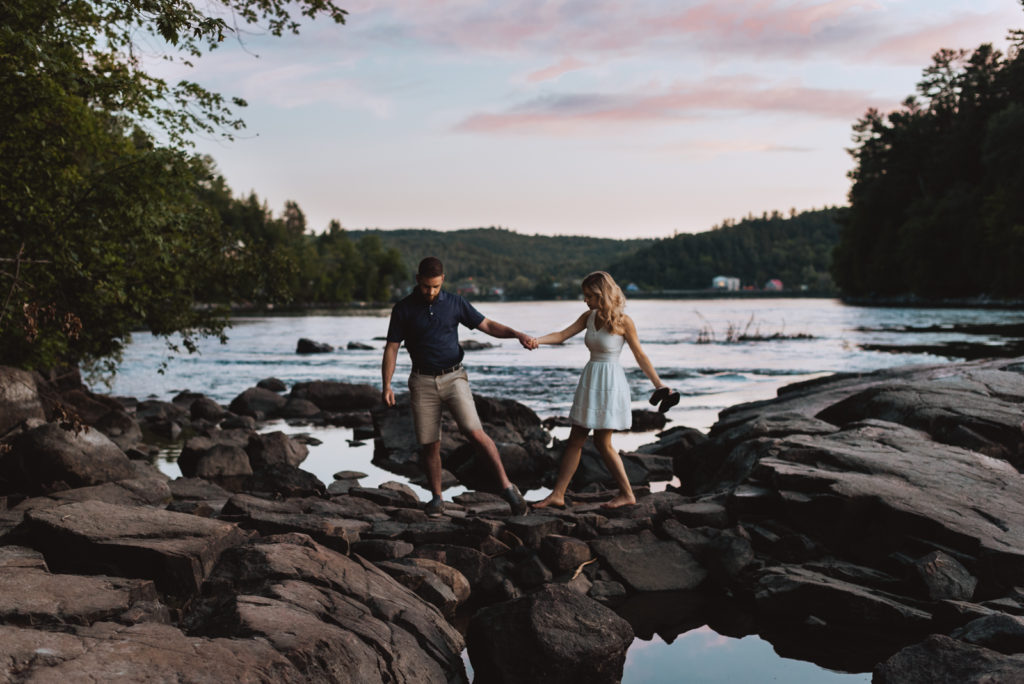 engaged couple walking along rocks by the water at sunset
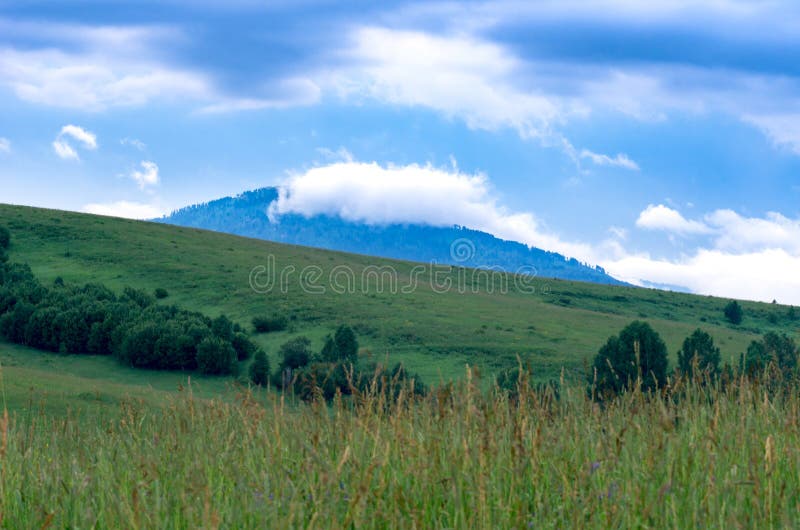 A cloud atop of a blue mountain with a green hill slope, trees, tall grass in foreground royalty free stock photos A cloud atop of a blue mountain with a green hill slope, trees, tall grass in foreground royalty free stock photos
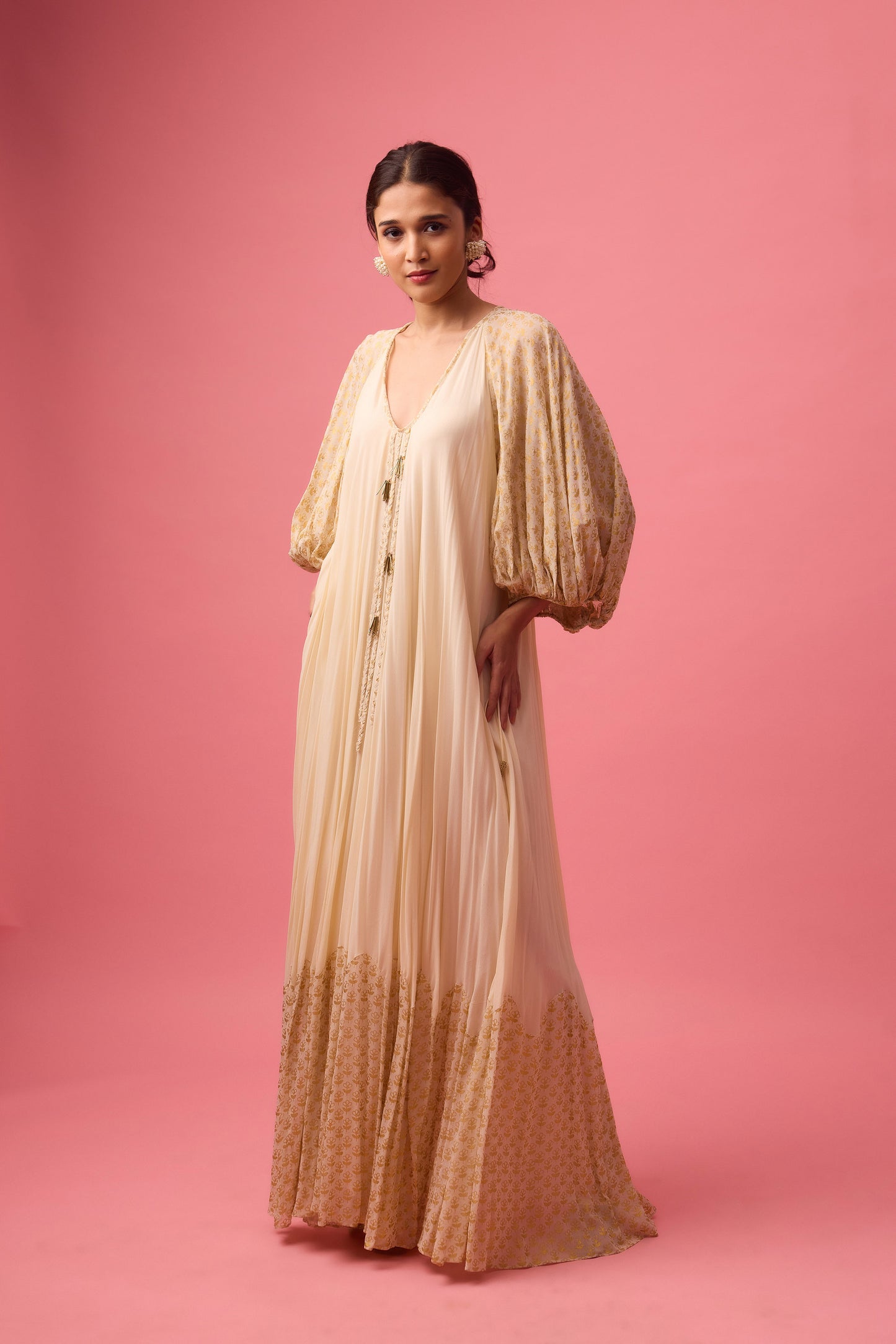 Off white Georgette dress with the detailing of foiling and dangling in sleeve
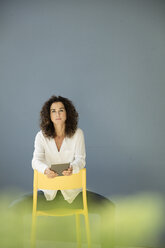 Businesswoman sitting on yellow chair, holding digital tablet - MOEF01908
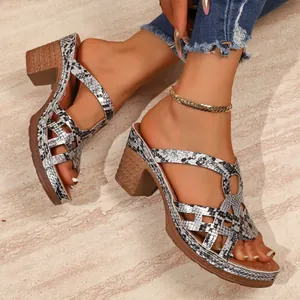 Detail showing the snakeskin textured straps and chunky block heel of the sandals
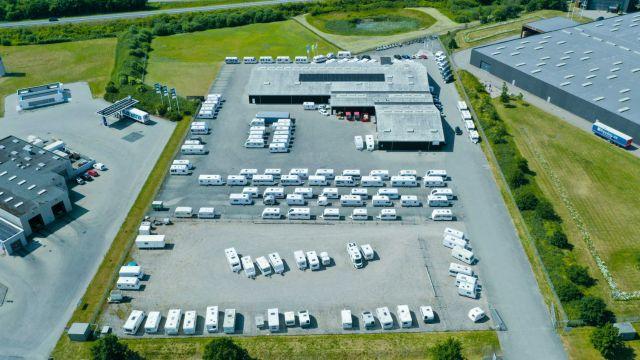 Luftfoto af et stort parkeringsområde med mange campingvogne og en bygning i midten. Grønt område i baggrunden.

++++++

• EXERCISE OBJECTIVE:
Each record should be printed again precisely, though not its pictures.

• EXERCISE OUTPUT:
 engaged couple walking along rocks by the water at sunset
 A cloud atop of a blue mountain with a green hill slope, trees, tall grass in foreground royalty free stock photos A cloud atop of a blue mountain with a green hill slope, trees, tall grass in foreground royalty free stock photos
 Off white Georgette dress with the detailing of foiling and dangling in sleeve
 Businesswoman sitting on yellow chair, holding digital tablet - MOEF01908
 Detail showing the snakeskin textured straps and chunky block heel of the sandals
 Luftfoto af et stort parkeringsområde med mange campingvogne og en bygning i midten. Grønt område i baggrunden.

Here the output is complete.